As there is not a straightforward way to display features, or generate a figure of whatever someone would want to convey, the output is rather quirky, ultimately meaning that it is much easier to generate the .pdf and import it into another program like Inkscape.

• The X-axis and scaling of the features is set by the boundaries from -b and -e in extract_coordinates.py, meaning to make two graphs to compare loci, the span of -b to -e should be the same
• Each gene or transcript is printed on a different Y-position, of up to 30 features (this can be changed). This means that splice variants are each on their own line, as are genes in operons.
• All features are colored the same.
• The names are taken from the ID tag in the GFF, which may not be the same as Name.
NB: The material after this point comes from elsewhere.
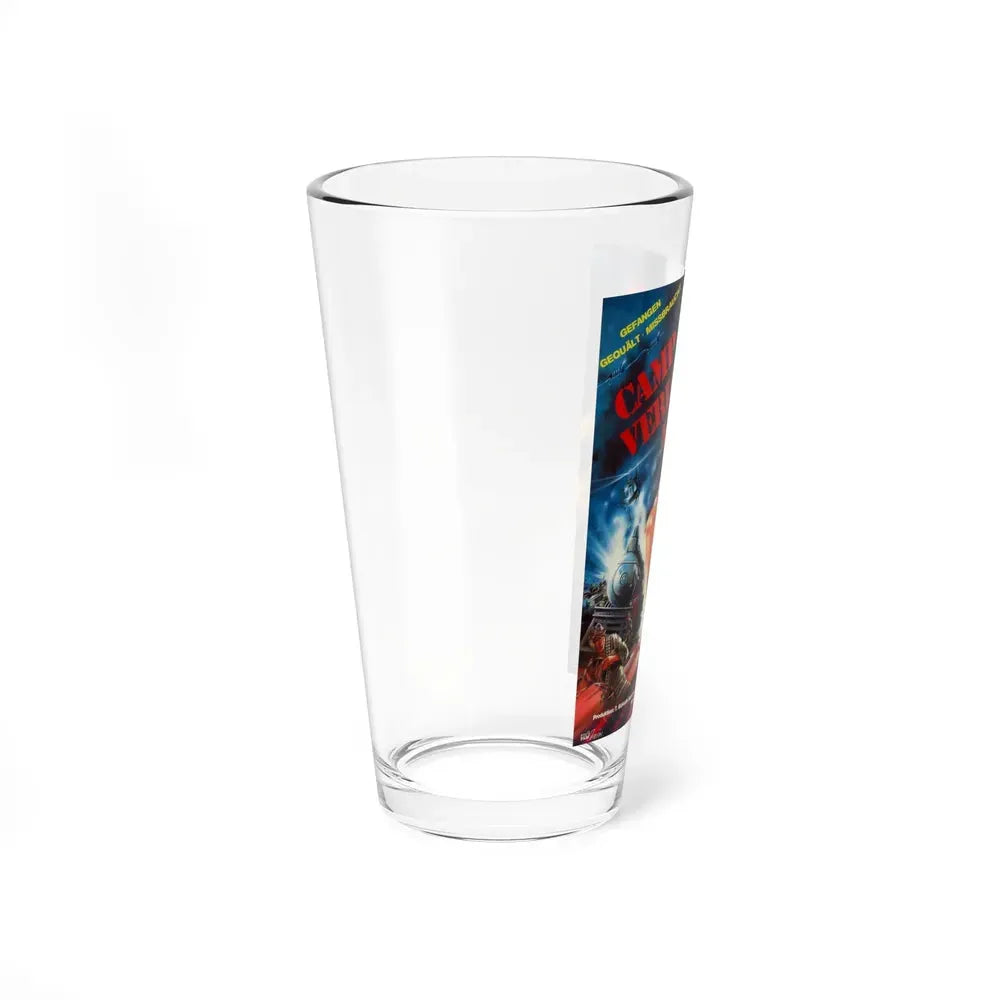 CAGED FURY (GERMAN) 1983 Movie Poster - Pint Glass 16oz - Go Mug Yourself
The raw output is shown below. Some feature names are cut off due to the grouping of objects. These can be ungrouped and moved.

Naturally this requires some work to make it presentable, i.e. flipping the axis, coloring each gene, renaming them from the GFF ID, which did not have meaningful IDs for most of the proteins. Thus, a final version may look more like this, maintaining the color scheme used in Dunlap 2009.

draw_genome_annotation

This was intended to make a printable version of any NCBI prokaryote genome, and have it displayed on one or more pages, with 1Mbp per page. From the downloaded GFF (or .gz), the PDF is generated automatically with the Rscript.

Rscript draw_genome_annotation.R GCF_000011805.1_ASM1180v1_genomic.gff

repeat2gtf

From scaffolds or masked contigs, generate a feature for each long repeat of N's or n's (or any other arbitrary letter or pattern). The most obvious application is to make a track for gaps, which is the default behavior. The search is a regular expression, so could be any other simple repeat as well - CACA, CAG (glutamine repeats).

repeat2gtf.py scaffolds.fasta > scaffolds_gaps.gtf

In jbrowse, I typically change a few options in the style to make this more visually useful. The color is set to black, the height is reduced to narrow bars, and the label is the score, which is the length of the gap.

         "style" : {
            "className" : "feature",
            "color" : "#000000",
            "height" : 5,
            "label" : "score"
         },

pal2gtf

Convert palindromic repeats from the EMBOSS program palindrome into GTF features. This was meant for mitochondrial genomes, but could potentially be whole nuclear genomes.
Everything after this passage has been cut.